System call
In computing, a system call is the programmatic way in which a computer program requests a service from the kernel of the operating system on which it is executed. This may include hardware-related services, creation and execution of new processes, and communication with integral kernel services such as process scheduling. System calls provide an essential interface between a process and the operating system.
In most systems, system calls can only be made from userspace processes, while in some systems, OS/360 and successors for example, privileged system code also issues system calls.
Privileges
The architecture of most modern processors, with the exception of some embedded systems, involves a security model. For example, the rings model specifies multiple privilege levels under which software may be executed: a program is usually limited to its own address space so that it cannot access or modify other running programs or the operating system itself, and is usually prevented from directly manipulating hardware devices.However, many applications need access to these components, so system calls are made available by the operating system to provide well-defined, safe implementations for such operations. The operating system executes at the highest level of privilege, and allows applications to request services via system calls, which are often initiated via interrupts. An interrupt automatically puts the CPU into some elevated privilege level, and then passes control to the kernel, which determines whether the calling program should be granted the requested service. If the service is granted, the kernel executes a specific set of instructions over which the calling program has no direct control, returns the privilege level to that of the calling program, and then returns control to the calling program.

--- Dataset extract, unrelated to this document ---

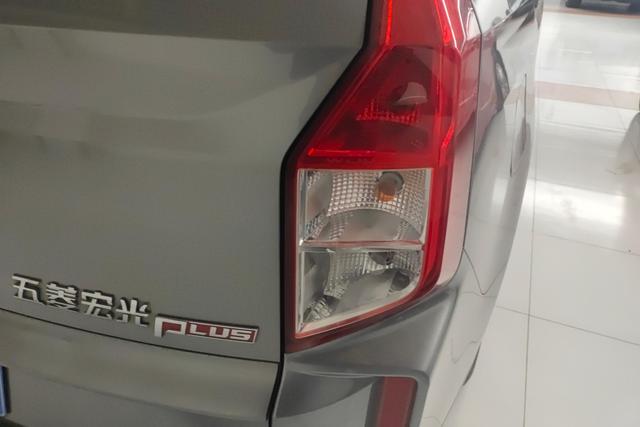 五菱汽车 五菱宏光PLUS 2021 #9 五菱汽车 五菱宏光PLUS 2021 汽车图片 #9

The library as an intermediary
Generally, systems provide a library or API that sits between normal programs and the operating system. On Unix-like systems, that API is usually part of an implementation of the C library, such as glibc, that provides wrapper functions for the system calls, often named the same as the system calls they invoke. On Windows NT, that API is part of the Native API, in the ntdll.dll library; this is an undocumented API used by implementations of the regular Windows API and directly used by some system programs on Windows. The library's wrapper functions expose an ordinary function calling convention for using the system call, as well as making the system call more modular. Here, the primary function of the wrapper is to place all the arguments to be passed to the system call in the appropriate processor registers, and also setting a unique system call number for the kernel to call. In this way the library, which exists between the OS and the application, increases portability.The call to the library function itself does not cause a switch to kernel mode and is usually a normal subroutine call. The actual system call does transfer control to the kernel. For example, in Unix-like systems,
fork
and execve
are C library functions that in turn execute instructions that invoke the fork
and exec
system calls. Making the system call directly in the application code is more complicated and may require embedded assembly code to be used as well as knowledge of the low-level binary interface for the system call operation, which may be subject to change over time and thus not be part of the application binary interface; the library functions are meant to abstract this away.On exokernel based systems, the library is especially important as an intermediary. On exokernels, libraries shield user applications from the very low level kernel API, and provide abstractions and resource management.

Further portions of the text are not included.